Primark’s board selected Boston as the ideal site from which to spread the word throughout the US. Said O’Donoghue to the Globe: “We recognize that there’s not a high level of awareness about Primark,” she said. “We’re a value retailer. Our business is about affordable fashion at great quality and great prices.”

Even as the doors to Primark in Downtown Crossing are flinging open this month, the chain is already planning seven more stores in the US by the end of 2016, including ones at the South Shore Plaza in Braintree, and in the Burlington Mall. The Boston store features 84 fitting rooms and a small army of over 500 mannequins. A 1,000-square-foot “trend room” at the front of the store will present mannequins clad in the chain’s most popular and trendy fashions.

At 77,000 square feet, Primark is smaller than next-door neighbor Macy’s. Still, if the Irish chain’s success in Europe is a predictor, the maiden US store should offer Macy’s a literal run for its money.

In a welcome development for the local economy, Primark has announced the hiring of some 550 employees ranging from part-time and full-time retail workers to hires for the store’s visual merchandising department and department and upper-level management. Solidifying the Irish chain’s commitment to Boston, the offices of the company’s US headquarters are a short walk away at 101 Arch Street.

Primark’s distribution center is in Pennsylvania, where the chain plans to open its second American store.

Primark executives and retail analysts have been quick to point out that the Downtown Crossing store is not a second incarnation of Filene’s Basement, which was famed for selling famous name-brands such as Calvin Klein at steep discounts. Primark’s niche is its own labels and clothing, shoes, and accessories purchased direct from manufacturers.

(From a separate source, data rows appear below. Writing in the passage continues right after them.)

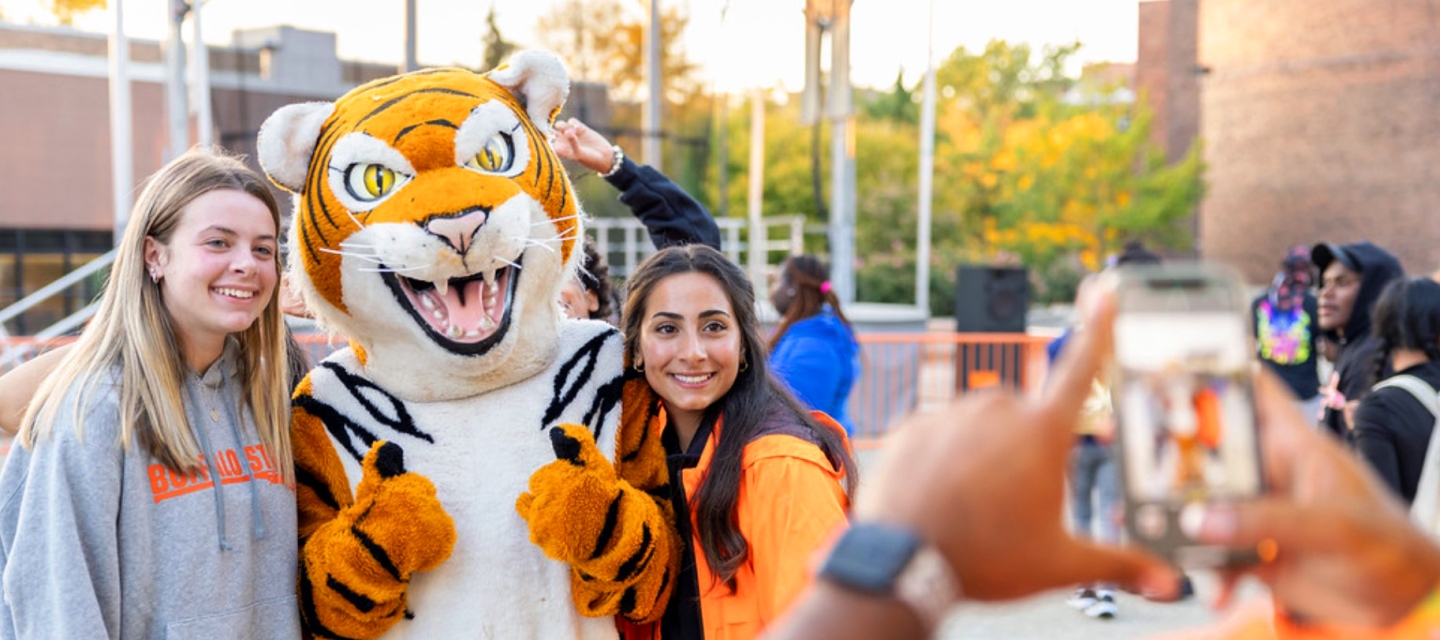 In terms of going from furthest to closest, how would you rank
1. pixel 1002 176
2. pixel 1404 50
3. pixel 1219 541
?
pixel 1002 176
pixel 1404 50
pixel 1219 541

If a company’s past is prologue, Primark is certainly poised to cause a large ripple in American retailing. In Europe, the chain is part of the clothing and apparel landscape. Primark’s saga began in June 1969, when Arthur Ryan and Micaela Mitchell opened a Penneys store on Mary Street in Dublin. Within a few years, four more Penneys sprouted up in the Greater Dublin area. The operation garnered attention in the industry because of its affordable merchandise and approach, and as the company expanded throughout Ireland and then into the UK, the stores were named Primark, except in Ireland. On the eve of its entry into the US market, Primark’s corporate profile notes that today “it operates over 270 stores in nine countries in Europe.”

Retail analyst and fashion expert Maureen Hinton told Reuters that Primark’s prospects in Boston and beyond are encouraging. “Young fashion is global now. The US tended to be quite conservative in fashion. I think that has changed because of the global access in fashion and entertainment.”

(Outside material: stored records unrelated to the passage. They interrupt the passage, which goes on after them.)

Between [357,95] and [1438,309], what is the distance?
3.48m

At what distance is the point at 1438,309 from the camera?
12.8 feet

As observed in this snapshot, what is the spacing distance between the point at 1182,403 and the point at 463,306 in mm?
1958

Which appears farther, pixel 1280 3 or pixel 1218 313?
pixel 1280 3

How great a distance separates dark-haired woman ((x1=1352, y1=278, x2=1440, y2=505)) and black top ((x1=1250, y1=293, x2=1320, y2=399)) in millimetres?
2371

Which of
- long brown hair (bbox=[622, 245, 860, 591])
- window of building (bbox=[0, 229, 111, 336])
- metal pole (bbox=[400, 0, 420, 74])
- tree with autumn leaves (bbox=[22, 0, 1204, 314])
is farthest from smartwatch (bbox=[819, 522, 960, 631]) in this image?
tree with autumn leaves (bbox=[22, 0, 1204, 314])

“The main point about Primark is its price positioning. … It has all the trappings of the big stores and the feel of a more expensive fashion brand. I am sure that the likes of [US rival] Forever 21 are a bit worried.”

The timing for Primark in Boston appears propitious with the redevelopment of Downtown Crossing under way and with residential and commercial space being gobbled up at such sites as the upscale Millenium Place. For locals who grew up accustomed to Macy’s (the erstwhile Jordan Marsh), Filene’s, and Filene’s Basement, the sight of the recently blighted area on its way back to being a commercial cornerstone of Boston conjures a sense of nostalgia.

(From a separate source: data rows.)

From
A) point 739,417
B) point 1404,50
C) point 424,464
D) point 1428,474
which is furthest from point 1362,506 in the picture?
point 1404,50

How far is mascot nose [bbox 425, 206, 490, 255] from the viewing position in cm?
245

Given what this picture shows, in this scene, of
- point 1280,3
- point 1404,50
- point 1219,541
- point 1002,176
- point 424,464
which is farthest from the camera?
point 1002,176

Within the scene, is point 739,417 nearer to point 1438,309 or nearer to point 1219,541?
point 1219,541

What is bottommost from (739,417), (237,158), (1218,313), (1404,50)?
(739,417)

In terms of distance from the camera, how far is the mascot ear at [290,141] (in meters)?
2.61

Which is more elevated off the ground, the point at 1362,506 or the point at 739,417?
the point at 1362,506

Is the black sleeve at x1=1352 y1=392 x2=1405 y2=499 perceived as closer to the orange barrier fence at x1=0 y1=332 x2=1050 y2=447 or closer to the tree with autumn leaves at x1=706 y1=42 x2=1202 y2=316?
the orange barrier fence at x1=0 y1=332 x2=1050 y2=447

Downtown Crossing is – nostalgically speaking again – a fitting locale for the Irish-spawned Primark/Penneys to open. After all, an Irish immigrant opened the first store in Boston’s annals 385 years ago, in 1630, and he did so on a plot of land on the north-east corner of the future State and Washington Streets within shouting distance of the future Downtown Crossing Primark.
No one would have likely called John Cogan “fashion forward,” but the purveyor of dry goods, hardware, and other essentials in Boston’s first store shared a “retail-forward” approach with Irish-born Primark. On Sept. 10, another Irish-tinged retail milestone will unfold at Downtown Crossing.